[Opening Extracted data section]

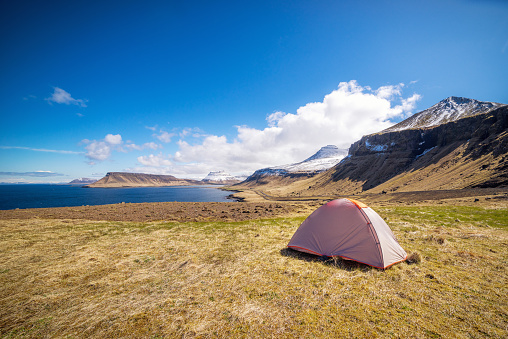 Camping in Snaefellsness peninsula, Iceland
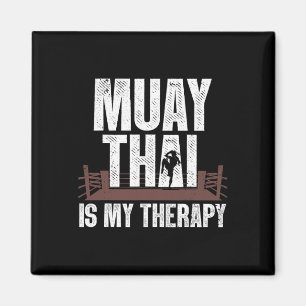 Aimant Drôle Muay Design Thaï Hommes Femmes Enfants Muay 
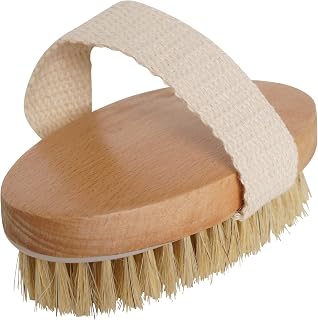 Dry Brushing Body Brush for Lymphatic Drainage - This Palm-Sized Body Exfoliator Brush is Great for Cellulite - A Dry Brush for Smoothing The Body - The Brush for Dry Skin Exfoliating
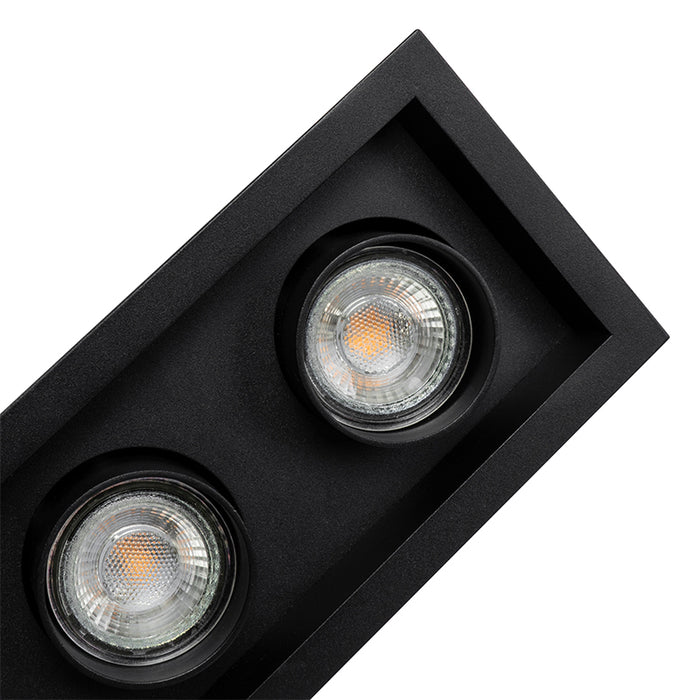 QAZQA Moderne inbouwspot zwart verstelbaar 3-lichts - Roof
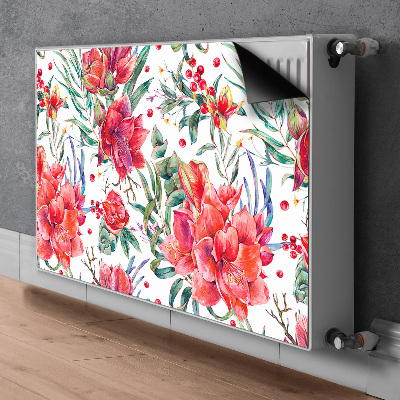 Magnet Heizkörperverkleidung Rote blumen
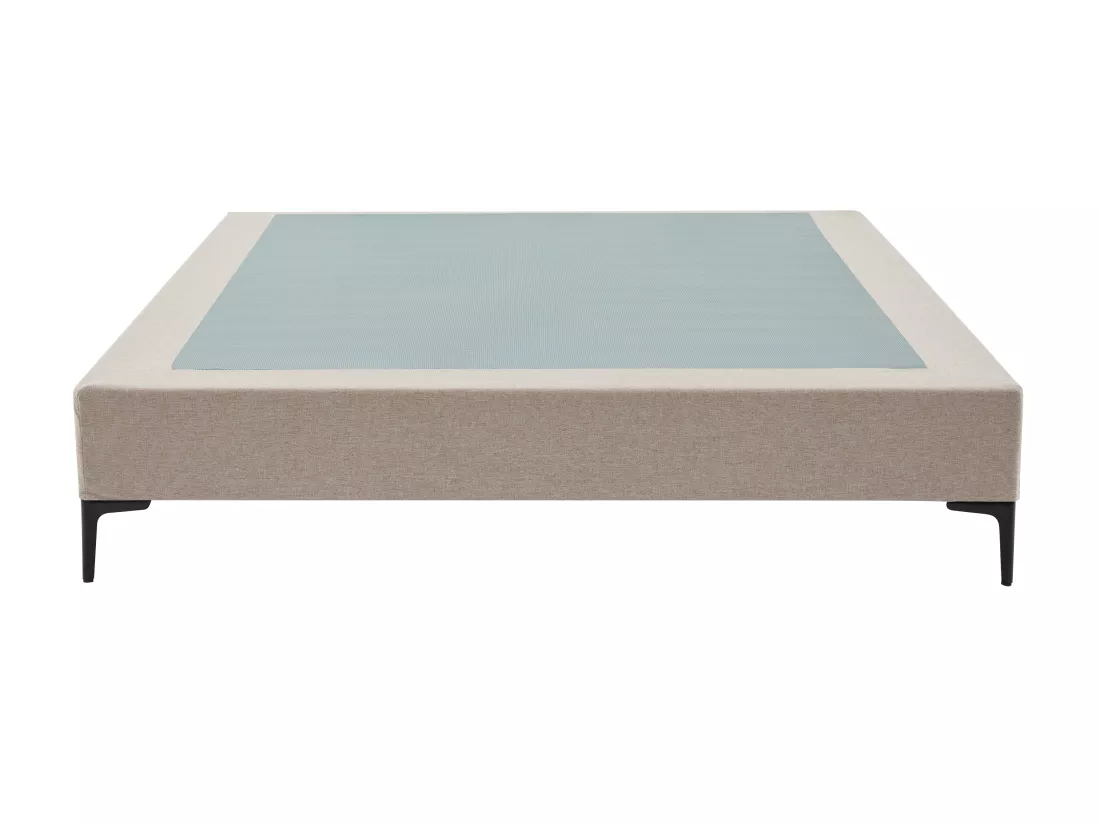 Sommier déco tapissier 180 x 200 cm déhoussable - Beige - ISANI de YSMÉE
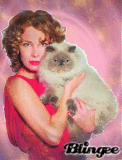 blanche et son chat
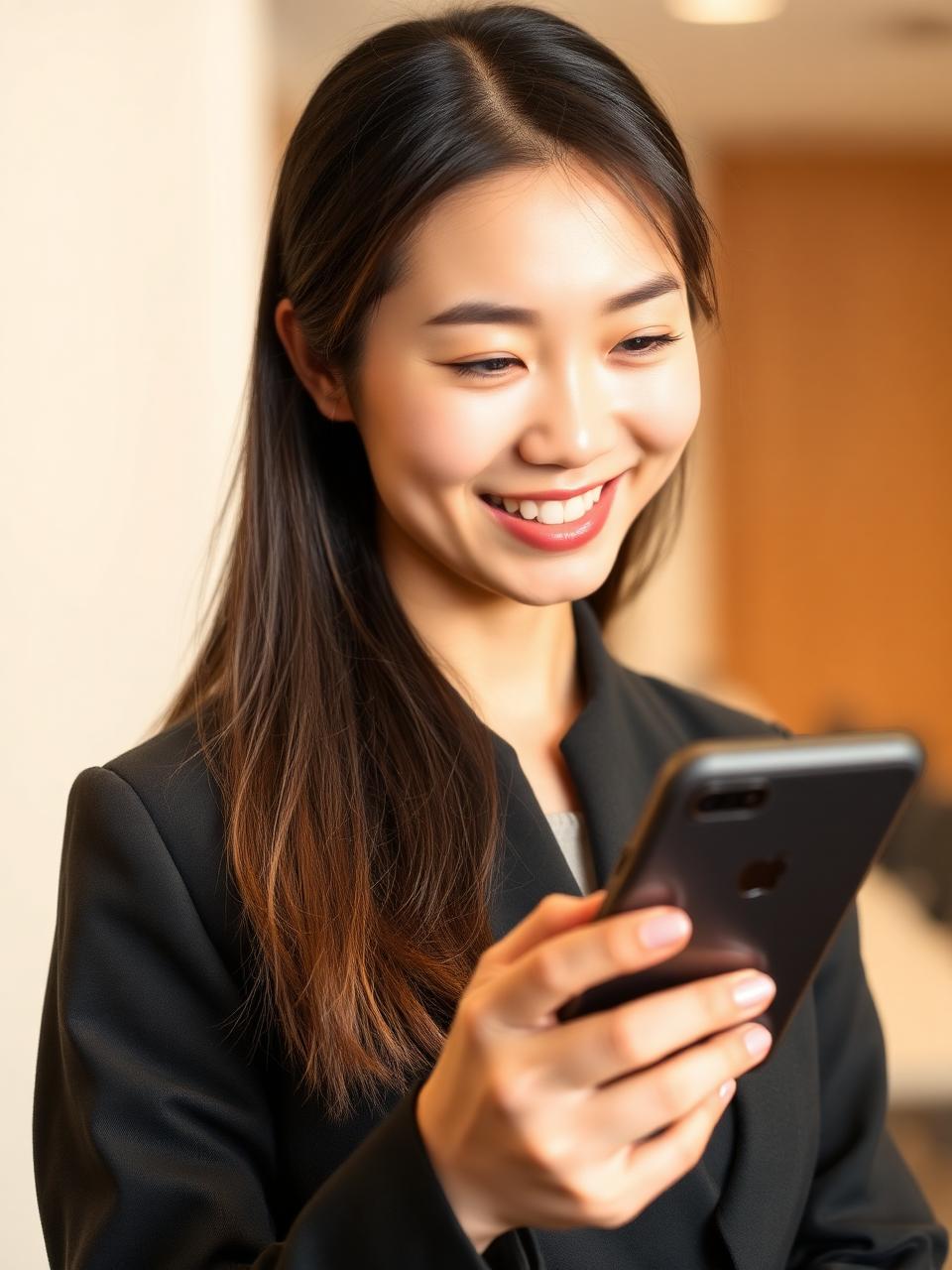 キャリアコーチングを受ける女性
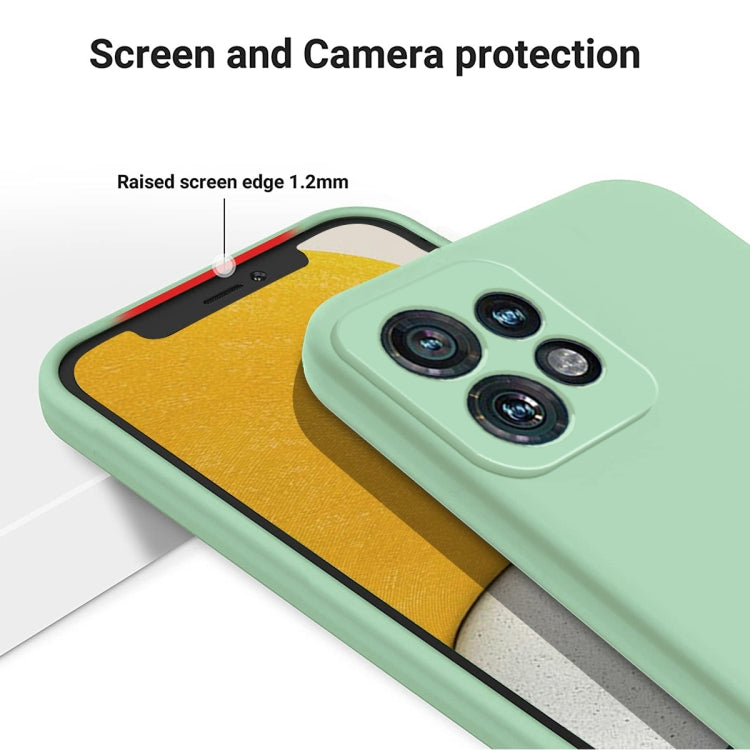 For Motorola Edge 40 Pro/Edge+ 2023/X40 Pure Color Liquid Silicone Shockproof Phone Case(Green)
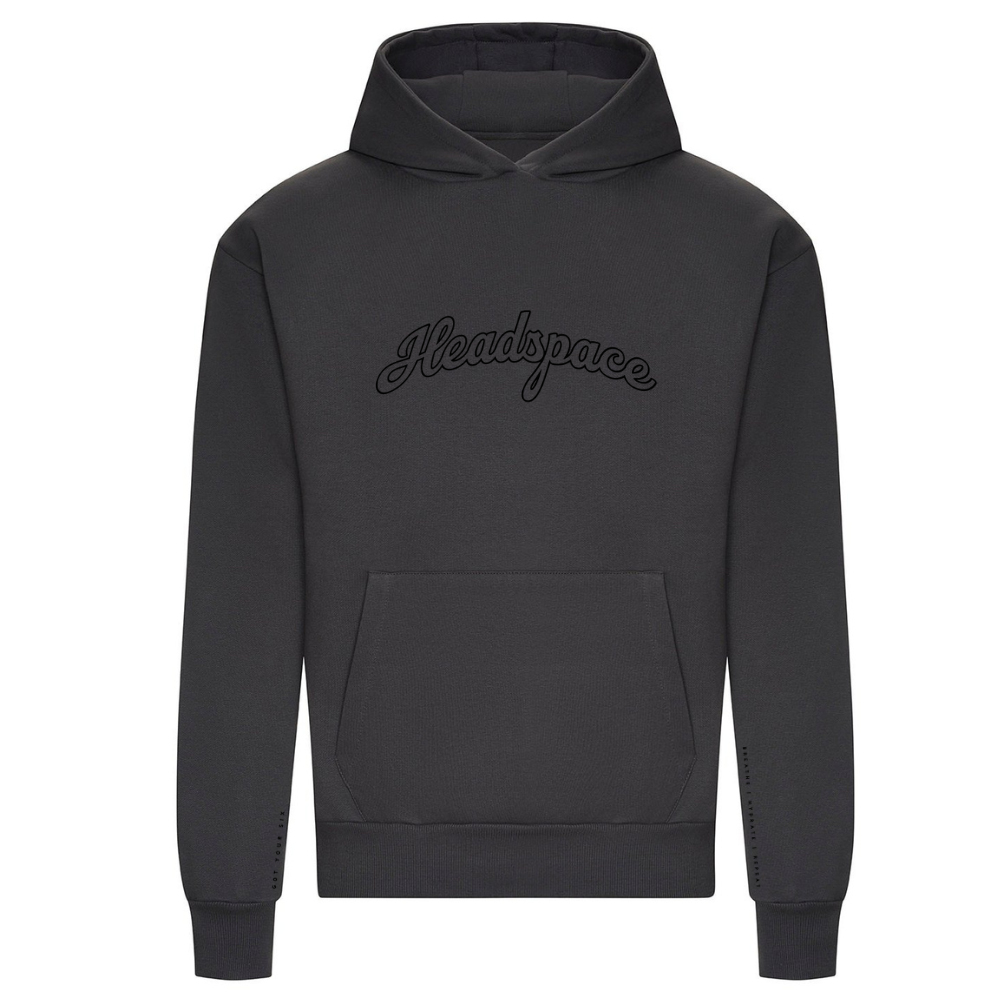 Selfie Hoodie | Headspace | Mental Health Hoodie | Charcoal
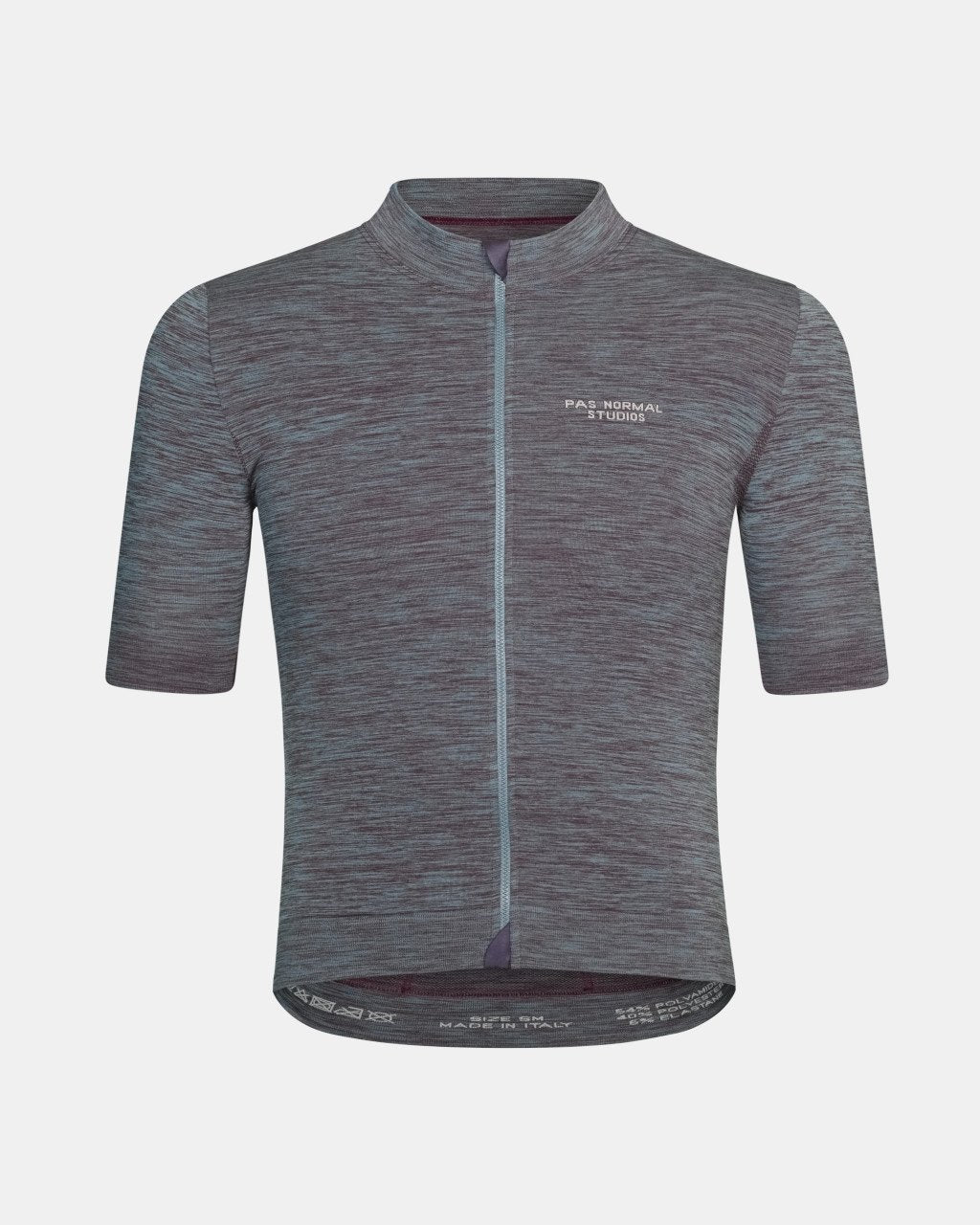 Maillot Corto Pas Normal Studios Escapism Knit en Dusty Blue, producto plano sobre fondo #Color_Dusty Blue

[Closing Extracted data section]

-- What to produce --
Reproduce, exactly and with no pictures, the lines from the line containing "Aimant Drôle Muay" through the closing line of the data above, keeping both ends.

-- Solution to the exercise --
 Aimant Drôle Muay Design Thaï Hommes Femmes Enfants Muay 
 Dry Brushing Body Brush for Lymphatic Drainage - This Palm-Sized Body Exfoliator Brush is Great for Cellulite - A Dry Brush for Smoothing The Body - The Brush for Dry Skin Exfoliating
 QAZQA Moderne inbouwspot zwart verstelbaar 3-lichts - Roof
 Magnet Heizkörperverkleidung Rote blumen
 Sommier déco tapissier 180 x 200 cm déhoussable - Beige - ISANI de YSMÉE
 blanche et son chat
 キャリアコーチングを受ける女性
 For Motorola Edge 40 Pro/Edge+ 2023/X40 Pure Color Liquid Silicone Shockproof Phone Case(Green)
 Selfie Hoodie | Headspace | Mental Health Hoodie | Charcoal
 Maillot Corto Pas Normal Studios Escapism Knit en Dusty Blue, producto plano sobre fondo #Color_Dusty Blue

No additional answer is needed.